What to work on
Lines from the first one down to the one containing "Villa Ametyst Štúrovo Eksteriør bilde" in the data below are the only ones needed; please return them exactly, both ends included.

╭─ Extracted information

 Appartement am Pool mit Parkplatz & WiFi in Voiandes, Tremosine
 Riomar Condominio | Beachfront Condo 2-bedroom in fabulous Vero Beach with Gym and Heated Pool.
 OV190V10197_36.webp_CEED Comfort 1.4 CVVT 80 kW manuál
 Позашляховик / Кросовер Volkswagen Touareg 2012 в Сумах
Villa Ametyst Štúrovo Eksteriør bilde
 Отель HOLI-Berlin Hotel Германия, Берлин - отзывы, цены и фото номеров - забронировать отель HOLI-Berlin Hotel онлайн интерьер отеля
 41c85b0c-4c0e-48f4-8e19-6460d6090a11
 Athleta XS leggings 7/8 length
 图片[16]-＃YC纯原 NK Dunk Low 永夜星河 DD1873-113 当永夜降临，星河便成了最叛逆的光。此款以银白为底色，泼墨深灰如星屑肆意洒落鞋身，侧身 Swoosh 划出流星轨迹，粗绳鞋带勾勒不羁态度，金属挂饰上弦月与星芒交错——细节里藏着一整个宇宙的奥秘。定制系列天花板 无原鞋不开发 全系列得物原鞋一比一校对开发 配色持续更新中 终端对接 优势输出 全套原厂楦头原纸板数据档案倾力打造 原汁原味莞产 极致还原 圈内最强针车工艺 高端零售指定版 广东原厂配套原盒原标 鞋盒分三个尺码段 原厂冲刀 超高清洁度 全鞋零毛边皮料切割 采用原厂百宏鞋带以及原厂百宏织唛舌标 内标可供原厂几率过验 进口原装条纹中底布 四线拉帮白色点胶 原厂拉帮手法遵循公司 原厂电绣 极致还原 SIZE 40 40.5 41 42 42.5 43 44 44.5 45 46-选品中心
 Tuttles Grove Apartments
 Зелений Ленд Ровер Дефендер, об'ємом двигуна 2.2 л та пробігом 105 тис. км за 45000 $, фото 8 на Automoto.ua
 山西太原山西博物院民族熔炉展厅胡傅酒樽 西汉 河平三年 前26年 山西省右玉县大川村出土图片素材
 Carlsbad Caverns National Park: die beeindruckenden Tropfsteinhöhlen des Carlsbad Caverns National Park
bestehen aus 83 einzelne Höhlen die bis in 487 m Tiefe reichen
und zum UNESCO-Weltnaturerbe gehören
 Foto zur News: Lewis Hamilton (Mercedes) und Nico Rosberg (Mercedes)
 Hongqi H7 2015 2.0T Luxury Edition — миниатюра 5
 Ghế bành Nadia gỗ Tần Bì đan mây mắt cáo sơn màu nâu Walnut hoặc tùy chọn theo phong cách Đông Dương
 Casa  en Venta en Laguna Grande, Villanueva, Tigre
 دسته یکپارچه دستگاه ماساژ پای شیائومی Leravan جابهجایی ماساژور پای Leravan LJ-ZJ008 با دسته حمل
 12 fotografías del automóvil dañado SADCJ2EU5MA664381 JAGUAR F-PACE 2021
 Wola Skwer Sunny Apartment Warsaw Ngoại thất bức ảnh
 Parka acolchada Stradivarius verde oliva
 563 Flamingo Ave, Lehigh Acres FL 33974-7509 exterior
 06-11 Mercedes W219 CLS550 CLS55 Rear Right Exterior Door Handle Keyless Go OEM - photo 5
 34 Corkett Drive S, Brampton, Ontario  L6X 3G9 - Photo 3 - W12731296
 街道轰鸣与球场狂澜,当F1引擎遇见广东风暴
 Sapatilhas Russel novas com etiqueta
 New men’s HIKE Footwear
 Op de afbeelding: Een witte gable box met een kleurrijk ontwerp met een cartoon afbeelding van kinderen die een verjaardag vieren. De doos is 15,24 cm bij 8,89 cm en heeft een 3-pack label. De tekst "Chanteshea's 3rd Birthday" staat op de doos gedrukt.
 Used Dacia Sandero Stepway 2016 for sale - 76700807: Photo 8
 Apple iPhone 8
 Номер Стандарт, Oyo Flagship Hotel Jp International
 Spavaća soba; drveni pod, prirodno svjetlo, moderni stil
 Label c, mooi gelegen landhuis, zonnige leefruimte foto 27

╰─

Reply to the exercise
 Appartement am Pool mit Parkplatz & WiFi in Voiandes, Tremosine
 Riomar Condominio | Beachfront Condo 2-bedroom in fabulous Vero Beach with Gym and Heated Pool.
 OV190V10197_36.webp_CEED Comfort 1.4 CVVT 80 kW manuál
 Позашляховик / Кросовер Volkswagen Touareg 2012 в Сумах
Villa Ametyst Štúrovo Eksteriør bilde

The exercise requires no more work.